Memory Barriers: a Hardware View for Software Hackers

On in Bookmark by Mingxing Zhang
Tags: ,

URL: http://www.rdrop.com/users/paulmck/scalability/paper/whymb.2010.07.23a.pdf

This paper gives a clear explanation on techniques for increasing cache utilization, and justify the existence of memory barriers as a necessary evil that is required to enable good performance and scalability.

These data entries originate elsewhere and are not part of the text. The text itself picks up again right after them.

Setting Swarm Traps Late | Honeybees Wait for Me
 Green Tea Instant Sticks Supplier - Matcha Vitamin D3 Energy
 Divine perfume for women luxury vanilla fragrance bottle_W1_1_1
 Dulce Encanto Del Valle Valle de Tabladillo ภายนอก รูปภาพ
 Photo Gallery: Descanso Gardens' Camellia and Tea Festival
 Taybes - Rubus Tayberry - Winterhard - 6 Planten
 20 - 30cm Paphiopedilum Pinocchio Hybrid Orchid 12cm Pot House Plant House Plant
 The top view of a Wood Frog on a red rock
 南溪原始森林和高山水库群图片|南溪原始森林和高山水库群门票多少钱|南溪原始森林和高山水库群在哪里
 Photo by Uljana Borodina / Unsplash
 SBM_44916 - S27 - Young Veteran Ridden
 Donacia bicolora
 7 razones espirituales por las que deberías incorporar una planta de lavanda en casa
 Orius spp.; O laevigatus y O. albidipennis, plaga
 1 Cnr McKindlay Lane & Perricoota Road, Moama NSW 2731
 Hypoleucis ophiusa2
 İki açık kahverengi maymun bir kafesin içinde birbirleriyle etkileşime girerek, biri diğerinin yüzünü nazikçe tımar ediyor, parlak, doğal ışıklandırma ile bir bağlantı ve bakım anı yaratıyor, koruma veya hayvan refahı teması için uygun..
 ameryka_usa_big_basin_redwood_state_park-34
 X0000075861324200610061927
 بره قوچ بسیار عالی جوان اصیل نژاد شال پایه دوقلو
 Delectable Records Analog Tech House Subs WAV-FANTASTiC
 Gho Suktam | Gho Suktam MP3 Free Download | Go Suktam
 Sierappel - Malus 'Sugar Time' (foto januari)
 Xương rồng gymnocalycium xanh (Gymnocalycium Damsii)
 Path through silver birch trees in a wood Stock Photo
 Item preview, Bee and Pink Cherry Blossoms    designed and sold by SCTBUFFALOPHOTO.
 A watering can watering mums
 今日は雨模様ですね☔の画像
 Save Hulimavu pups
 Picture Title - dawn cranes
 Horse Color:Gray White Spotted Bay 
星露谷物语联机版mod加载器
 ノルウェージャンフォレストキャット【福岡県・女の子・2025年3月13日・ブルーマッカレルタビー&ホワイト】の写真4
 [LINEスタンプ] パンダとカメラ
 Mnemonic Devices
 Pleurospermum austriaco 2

Its general structure is as follows:

  1. Presents the structure of a cache;
  2. Explains how cache-coherency protocols ensure that different per-CPU caches coordinate with each other;
  3. Describes a technique called "store buffer", which can be used to ease the performance loss caused by invalidate-acknowledgement message passing.
  4. Gives an example on why write memory barriers are needed -- Store buffers will reorder the execution of instructions to achieve better performance but we need methods to ensure some critical orders will not be undermined;
  5. Outlines another technique named "invalidate queue" for making invalidate-acknowledgement messages arrive more quickly.
  6. Gives a corresponding example on why read memory barriers are needed -- Invalidate queues will cause another kind of reordering which can be prevented by read memory barriers.

The paper also gives many quizzes and discussions on real implementations (e.g. ARM, IA64).